Hunter and his wife, Margaret, were indicted in 2018 on charges of misappropriating $250,000 in campaign donations to pay for personal expenses, including their children’s private school tuition, lavish travel, expensive meals at restaurants, groceries and clothing.
Margaret Hunter pleaded guilty in June to conspiring to misuse campaign funds, and agreed to cooperate with prosecutors in the case.
Duncan Hunter’s TV appearance on Monday coincided with the posting of a notice of his scheduled change-of-plea hearing, set for 10 a.m. PST on Tuesday in U.S. District Court in San Diego. Details of the prospective plea agreement were not disclosed.
Hunter told KUSI-TV he agreed to plead guilty to a single count of “misuse of my own campaign funds” in a deal he said he accepted to avoid subjecting his family to the spectacle of a trial that was due to open on Jan. 22.
“It’s important not to have a public trial for three reasons, and those three reasons are my kids,” he said on camera, dressed in a suit and tie.
A defense lawyer, Paul Joseph Pfingst, told Reuters Hunter would plead guilty to a charge of “conspiracy to convert campaign funds to personal use,” a felony he said carries a maximum penalty of 5 years in prison.

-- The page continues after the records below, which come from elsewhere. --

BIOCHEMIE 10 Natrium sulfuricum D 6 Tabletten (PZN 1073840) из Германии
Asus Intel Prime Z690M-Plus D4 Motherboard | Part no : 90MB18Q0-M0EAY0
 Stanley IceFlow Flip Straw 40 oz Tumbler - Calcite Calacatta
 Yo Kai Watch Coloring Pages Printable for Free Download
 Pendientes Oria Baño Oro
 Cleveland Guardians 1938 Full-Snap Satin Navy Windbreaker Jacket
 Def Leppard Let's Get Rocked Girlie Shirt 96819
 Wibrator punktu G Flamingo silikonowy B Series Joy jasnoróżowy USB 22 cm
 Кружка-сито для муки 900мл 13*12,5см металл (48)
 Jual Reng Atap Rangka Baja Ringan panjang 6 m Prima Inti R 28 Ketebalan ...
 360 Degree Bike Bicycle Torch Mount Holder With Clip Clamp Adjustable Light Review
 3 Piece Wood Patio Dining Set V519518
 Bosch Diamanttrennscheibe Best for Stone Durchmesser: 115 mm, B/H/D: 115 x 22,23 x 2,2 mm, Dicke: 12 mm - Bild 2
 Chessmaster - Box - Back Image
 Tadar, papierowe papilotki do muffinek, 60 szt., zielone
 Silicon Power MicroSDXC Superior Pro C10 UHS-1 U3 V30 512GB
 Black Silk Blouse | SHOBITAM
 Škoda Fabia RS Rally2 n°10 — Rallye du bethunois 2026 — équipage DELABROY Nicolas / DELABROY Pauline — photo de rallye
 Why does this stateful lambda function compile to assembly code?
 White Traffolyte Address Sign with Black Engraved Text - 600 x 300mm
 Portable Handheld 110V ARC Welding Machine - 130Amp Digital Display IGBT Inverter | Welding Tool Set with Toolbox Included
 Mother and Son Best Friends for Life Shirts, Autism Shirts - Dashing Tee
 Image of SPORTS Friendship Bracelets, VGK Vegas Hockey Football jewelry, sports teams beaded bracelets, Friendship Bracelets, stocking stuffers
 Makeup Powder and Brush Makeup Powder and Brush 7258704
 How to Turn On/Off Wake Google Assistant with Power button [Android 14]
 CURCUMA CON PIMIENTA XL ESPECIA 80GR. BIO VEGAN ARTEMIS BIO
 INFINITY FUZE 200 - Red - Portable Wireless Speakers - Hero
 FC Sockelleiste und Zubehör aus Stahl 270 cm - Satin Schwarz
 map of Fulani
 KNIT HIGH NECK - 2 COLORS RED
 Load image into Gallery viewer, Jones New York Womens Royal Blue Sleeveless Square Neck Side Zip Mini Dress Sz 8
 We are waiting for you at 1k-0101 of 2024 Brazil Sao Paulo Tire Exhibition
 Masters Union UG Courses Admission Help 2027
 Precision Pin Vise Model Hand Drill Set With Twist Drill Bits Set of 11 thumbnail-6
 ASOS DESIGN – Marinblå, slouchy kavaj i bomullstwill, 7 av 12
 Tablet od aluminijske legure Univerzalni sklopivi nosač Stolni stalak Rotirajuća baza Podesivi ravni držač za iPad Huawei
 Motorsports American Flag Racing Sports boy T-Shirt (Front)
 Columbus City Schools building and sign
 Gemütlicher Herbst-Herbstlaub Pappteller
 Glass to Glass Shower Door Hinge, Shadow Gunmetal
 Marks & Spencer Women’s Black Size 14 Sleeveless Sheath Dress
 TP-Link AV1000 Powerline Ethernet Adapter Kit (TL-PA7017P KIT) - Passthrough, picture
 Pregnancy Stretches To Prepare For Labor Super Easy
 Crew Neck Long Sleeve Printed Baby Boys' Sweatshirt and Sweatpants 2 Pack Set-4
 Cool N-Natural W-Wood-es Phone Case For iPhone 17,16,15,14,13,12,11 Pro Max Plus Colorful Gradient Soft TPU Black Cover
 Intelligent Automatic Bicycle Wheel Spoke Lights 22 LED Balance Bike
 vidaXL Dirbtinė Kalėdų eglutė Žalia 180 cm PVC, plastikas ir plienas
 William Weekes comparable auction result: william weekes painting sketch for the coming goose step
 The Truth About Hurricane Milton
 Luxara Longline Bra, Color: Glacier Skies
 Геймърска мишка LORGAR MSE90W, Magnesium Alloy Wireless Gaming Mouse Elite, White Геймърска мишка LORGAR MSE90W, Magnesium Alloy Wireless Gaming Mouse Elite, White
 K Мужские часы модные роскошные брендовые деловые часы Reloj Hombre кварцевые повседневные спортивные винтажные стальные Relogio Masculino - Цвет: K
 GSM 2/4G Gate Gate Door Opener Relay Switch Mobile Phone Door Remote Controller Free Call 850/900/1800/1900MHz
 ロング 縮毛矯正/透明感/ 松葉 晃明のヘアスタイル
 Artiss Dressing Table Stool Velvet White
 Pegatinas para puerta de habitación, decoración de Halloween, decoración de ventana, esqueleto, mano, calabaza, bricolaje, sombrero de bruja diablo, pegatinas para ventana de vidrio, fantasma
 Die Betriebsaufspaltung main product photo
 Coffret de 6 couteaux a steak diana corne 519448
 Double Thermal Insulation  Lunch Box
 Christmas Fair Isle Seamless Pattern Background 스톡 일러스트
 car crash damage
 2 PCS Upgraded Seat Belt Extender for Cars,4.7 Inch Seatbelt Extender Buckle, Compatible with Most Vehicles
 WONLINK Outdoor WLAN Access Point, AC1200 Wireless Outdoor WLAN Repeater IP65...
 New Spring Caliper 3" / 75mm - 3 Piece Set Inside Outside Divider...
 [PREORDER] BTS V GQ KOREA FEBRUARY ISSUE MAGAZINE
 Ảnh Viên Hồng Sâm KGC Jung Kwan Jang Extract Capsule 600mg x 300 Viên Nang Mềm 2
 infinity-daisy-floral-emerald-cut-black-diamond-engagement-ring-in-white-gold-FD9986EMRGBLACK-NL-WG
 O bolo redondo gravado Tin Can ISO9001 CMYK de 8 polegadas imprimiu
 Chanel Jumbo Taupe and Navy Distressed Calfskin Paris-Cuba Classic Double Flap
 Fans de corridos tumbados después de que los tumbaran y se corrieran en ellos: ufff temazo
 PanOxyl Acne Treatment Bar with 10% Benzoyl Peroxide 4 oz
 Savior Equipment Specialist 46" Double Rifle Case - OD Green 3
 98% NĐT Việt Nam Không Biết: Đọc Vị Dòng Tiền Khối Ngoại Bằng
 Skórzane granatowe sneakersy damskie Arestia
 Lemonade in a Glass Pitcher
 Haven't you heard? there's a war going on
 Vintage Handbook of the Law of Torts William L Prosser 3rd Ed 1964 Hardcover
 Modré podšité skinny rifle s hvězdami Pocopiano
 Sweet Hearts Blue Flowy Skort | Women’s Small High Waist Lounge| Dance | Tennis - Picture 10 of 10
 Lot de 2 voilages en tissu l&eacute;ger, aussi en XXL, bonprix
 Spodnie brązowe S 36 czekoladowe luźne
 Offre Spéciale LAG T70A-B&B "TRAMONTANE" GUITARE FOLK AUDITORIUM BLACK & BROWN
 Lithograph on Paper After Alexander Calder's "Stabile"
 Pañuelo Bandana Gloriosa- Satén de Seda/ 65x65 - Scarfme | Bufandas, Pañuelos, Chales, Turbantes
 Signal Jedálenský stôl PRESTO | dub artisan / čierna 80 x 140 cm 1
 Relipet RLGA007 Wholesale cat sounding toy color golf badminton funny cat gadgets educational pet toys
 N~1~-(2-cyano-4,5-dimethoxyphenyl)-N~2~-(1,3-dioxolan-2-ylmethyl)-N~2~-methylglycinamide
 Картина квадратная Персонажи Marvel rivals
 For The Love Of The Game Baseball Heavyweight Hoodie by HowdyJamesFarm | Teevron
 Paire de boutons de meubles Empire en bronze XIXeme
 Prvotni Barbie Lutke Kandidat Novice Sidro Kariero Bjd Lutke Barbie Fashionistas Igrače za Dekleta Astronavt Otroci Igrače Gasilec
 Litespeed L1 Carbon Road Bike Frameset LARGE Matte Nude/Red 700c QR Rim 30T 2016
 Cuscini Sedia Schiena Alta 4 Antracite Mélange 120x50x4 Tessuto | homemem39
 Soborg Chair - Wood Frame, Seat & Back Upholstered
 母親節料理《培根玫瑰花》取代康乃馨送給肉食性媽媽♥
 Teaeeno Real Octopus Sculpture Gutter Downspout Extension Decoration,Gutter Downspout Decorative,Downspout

But he said prosecutors would recommend “significantly less than that.”
BOOST FOR DEMOCRATS?
The case is seen as giving a boost to Democrats’ bid to seize the traditionally Republican seat in California’s 50th Congressional District. His 2018 Democratic challenger, Ammar Campa-Najjar, a former Obama administration aide of Mexican and Palestinian heritage, lost his bid to unseat Hunter in last year’s race despite the incumbent’s indictment.
But the dynamics of a guilty plea would presumably play more to Democrats’ favor in 2020. The party already holds a big majority of California’s 53 U.S. House of Representatives seats.
Hunter appeared to have blamed his wife for misuse of campaign funds in a Fox News interview last year, saying he had given her power of attorney while he was deployed to Iraq in 2003, and that she oversaw his campaign finances.
On Monday, Hunter acknowledged: “I did make mistakes,” though he sought to draw a distinction between campaign funds and taxpayer dollars.
“Not a single dime in taxpayer money is involved in this,” he said. “I did not properly monitor or account for my own campaign money.”
Hunter said that if he were sentenced to prison, he was prepared to “take that hit,” adding: “My only hope is that the judge does not sentence my wife to jail. I think my kids need a mom at home.”
The six-term congressman also said he was most proud of his support for members of the U.S. armed forces who he believed were wrongly prosecuted for alleged battlefield misconduct. Among those was Navy SEAL Edward Gallagher, convicted by court-martial of illegally posing for photos with a dead Iraqi detainee before Trump granted him clemency.
Hunter served in Iraq and Afghanistan before becoming the first combat veteran of either conflict to serve in Congress.